*** Record extracts Section Begins ***

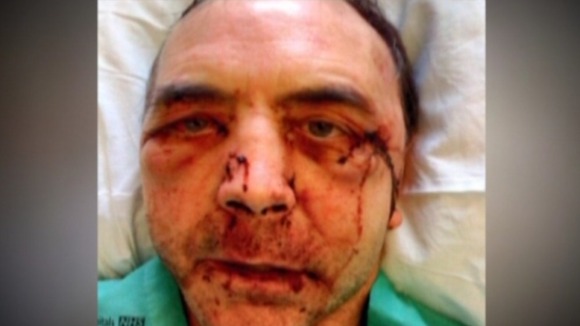Headteacher Kieran Heakin who has been beaten twice is calling for parenting classes to help tackle classroom violence.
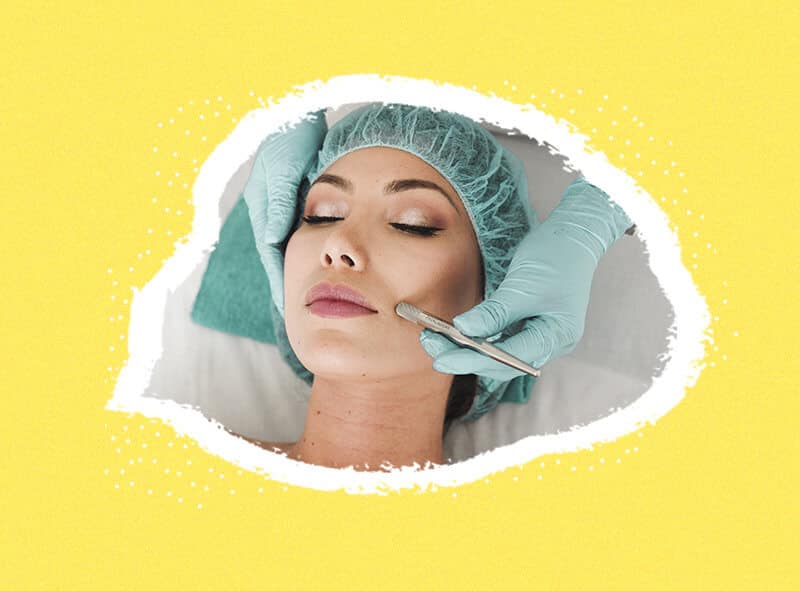 tratamientos de belleza más extraños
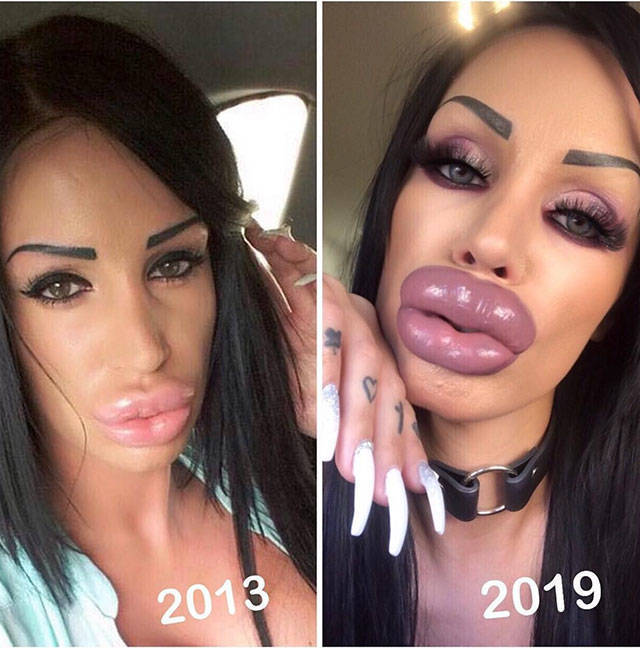 When Plastic Surgery Goes Too Far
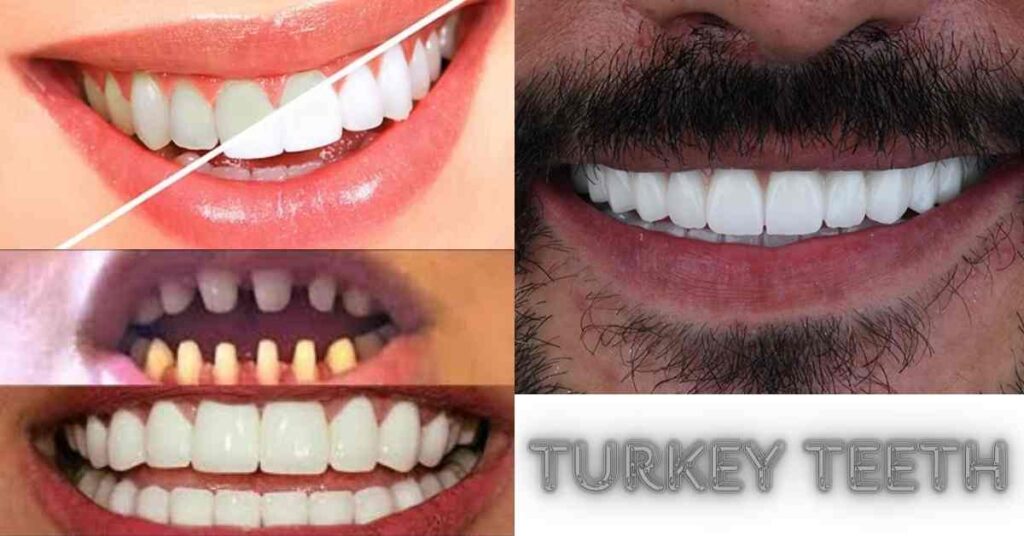 Turkey Teeth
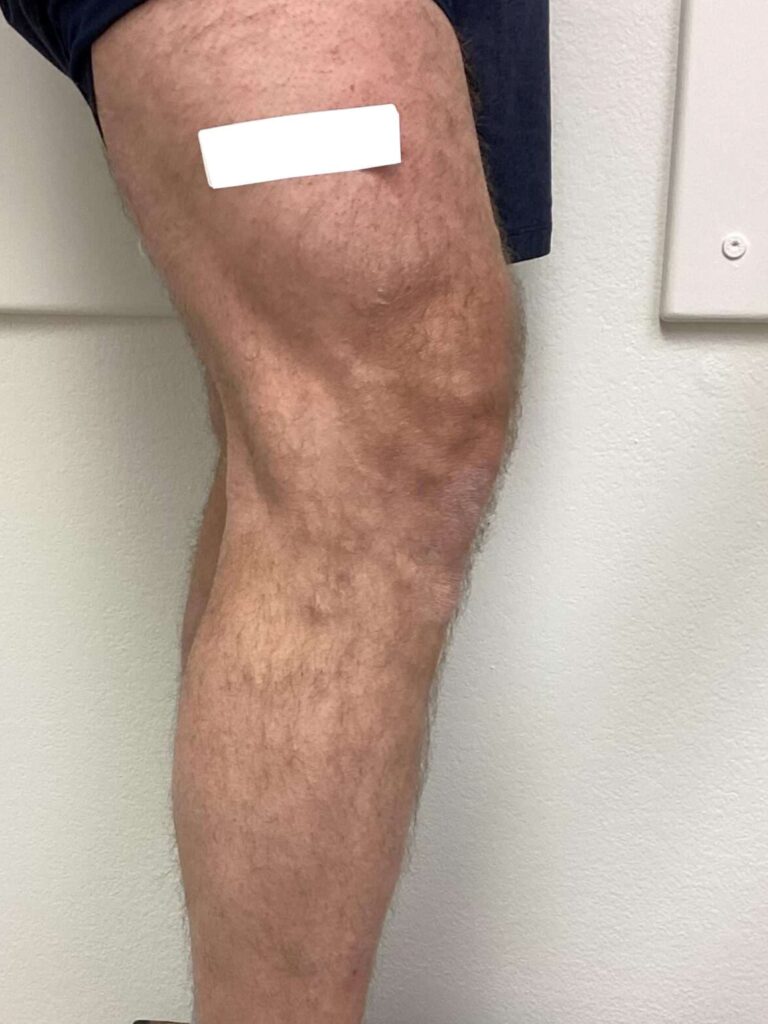 After Image: Varicose Veins - right-side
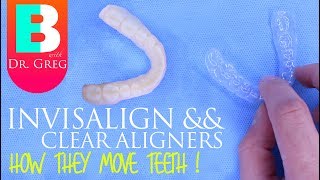 How Invisalign Works  How Clear Aligners Work [upl. by Arleen]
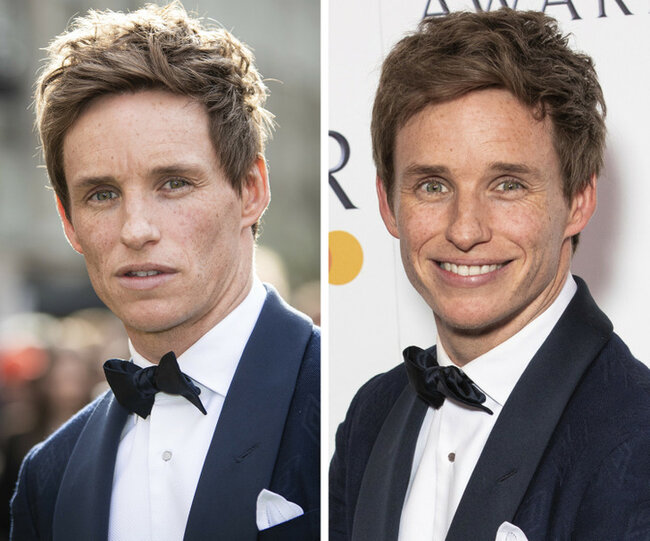 Təbəssüm etdikdə sanki başqa insana çevrilən 17 ULDUZ - FOTO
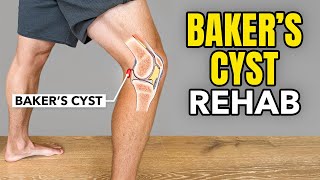 Bakers Cyst Treatment Rehab Exercises [upl. by Nyleda967]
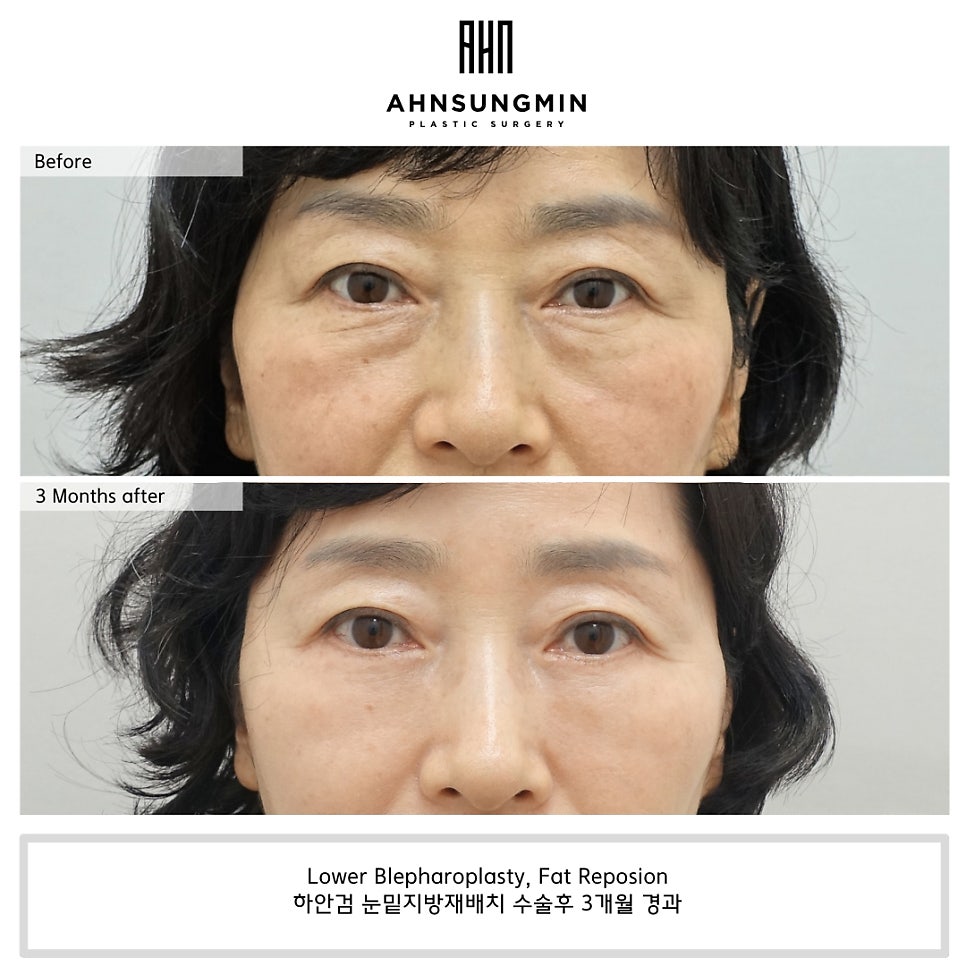 눈 밑주름 해결 50대 여성 하안검 수술 후 3개월 경과 관련 이미지 1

*** Record extracts Section Ends ***

▸ Your task
Omit the pictures and write out the lines above from the one with "When Plastic Surgery Goes Too Far" through the last, unchanged.

▸ Exercise solution
 When Plastic Surgery Goes Too Far
 Turkey Teeth
 After Image: Varicose Veins - right-side
 How Invisalign Works  How Clear Aligners Work [upl. by Arleen]
 Təbəssüm etdikdə sanki başqa insana çevrilən 17 ULDUZ - FOTO
 Bakers Cyst Treatment Rehab Exercises [upl. by Nyleda967]
 눈 밑주름 해결 50대 여성 하안검 수술 후 3개월 경과 관련 이미지 1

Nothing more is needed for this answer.